Kolchinsky, in his book “The Great American Drug Deal,” advocates for contractual genericization as one way to provide balance to pharmaceutical markets that are too often dominated by companies with incentives to primarily protect aging franchises. Many of these aging franchises should have gone generic years ago. Too many drugs, because of patenting games or other perverse incentives that involve middlemen, command sky-high prices that can’t be justified. All of these shenanigans end up wasting money, harming patients and discouraging entrepreneurs.
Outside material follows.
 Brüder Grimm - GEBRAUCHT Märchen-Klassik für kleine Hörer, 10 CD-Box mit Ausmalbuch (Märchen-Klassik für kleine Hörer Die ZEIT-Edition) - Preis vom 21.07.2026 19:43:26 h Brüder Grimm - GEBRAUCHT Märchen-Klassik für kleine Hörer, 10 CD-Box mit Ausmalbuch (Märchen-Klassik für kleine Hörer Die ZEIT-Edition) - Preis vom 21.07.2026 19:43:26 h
This publication believes in standing up for the proverbial little guy. Policymakers, health economists, and industry leaders should take action to rein in the excesses of the big guys, without forgetting that little guy (or gal) with a startup dream. That person should have an incentive, and a chance. That person shouldn’t become collateral damage.

If we want to create an environment where scientific entrepreneurs can flourish, we can do it. With scalpels, not sledgehammers.


Damaged Public Trust

If you missed Tuesday’s Frontpoints, it predicted this week’s AstraZeneca vaccine debacle. The NIH statement of Mar. 23 pointed out the company’s press release claiming 79 percent efficacy was based on outdated data. The NYT and Washington Post got ahold of a seething letter from the Data Safety Monitoring Board. AZ tried to do some damage control in a revised press release on Mar. 25, which dragged efficacy down to 76 percent. Given the company’s recent pattern of bad behavior and incompetence, I plan to read every line of the FDA briefing documents, and listen to every minute of the FDA advisory committee hearing for this vaccine candidate.

This is a test. Regulators, doing their jobs, will go over everything with a fine-toothed comb and review the application with full transparency. Then we can make informed decisions.

A lot of leeway has been granted to companies in this emergency, born from necessity and a generous spirit of “we’re all in this together.” Some standards about not doing science by press release, and not accepting company statements at face value, have gone out the window in the name of expediency. We put a lot of trust in companies and they have mostly delivered the past year.

But when a company abuses trust repeatedly, the credibility of science and industry itself gets called into question. AstraZeneca needs to make things right. This isn’t one of those cases where PR window dressing or a carpet-bombing of advertisements will make controversy go away. They need to fix things.

This Week in Drug Pricing

Are you a biopharma executive who breathed a sigh of relief about how the drug pricing pit bulls snarling at the industry have been neutered during the glory days of vaccine development?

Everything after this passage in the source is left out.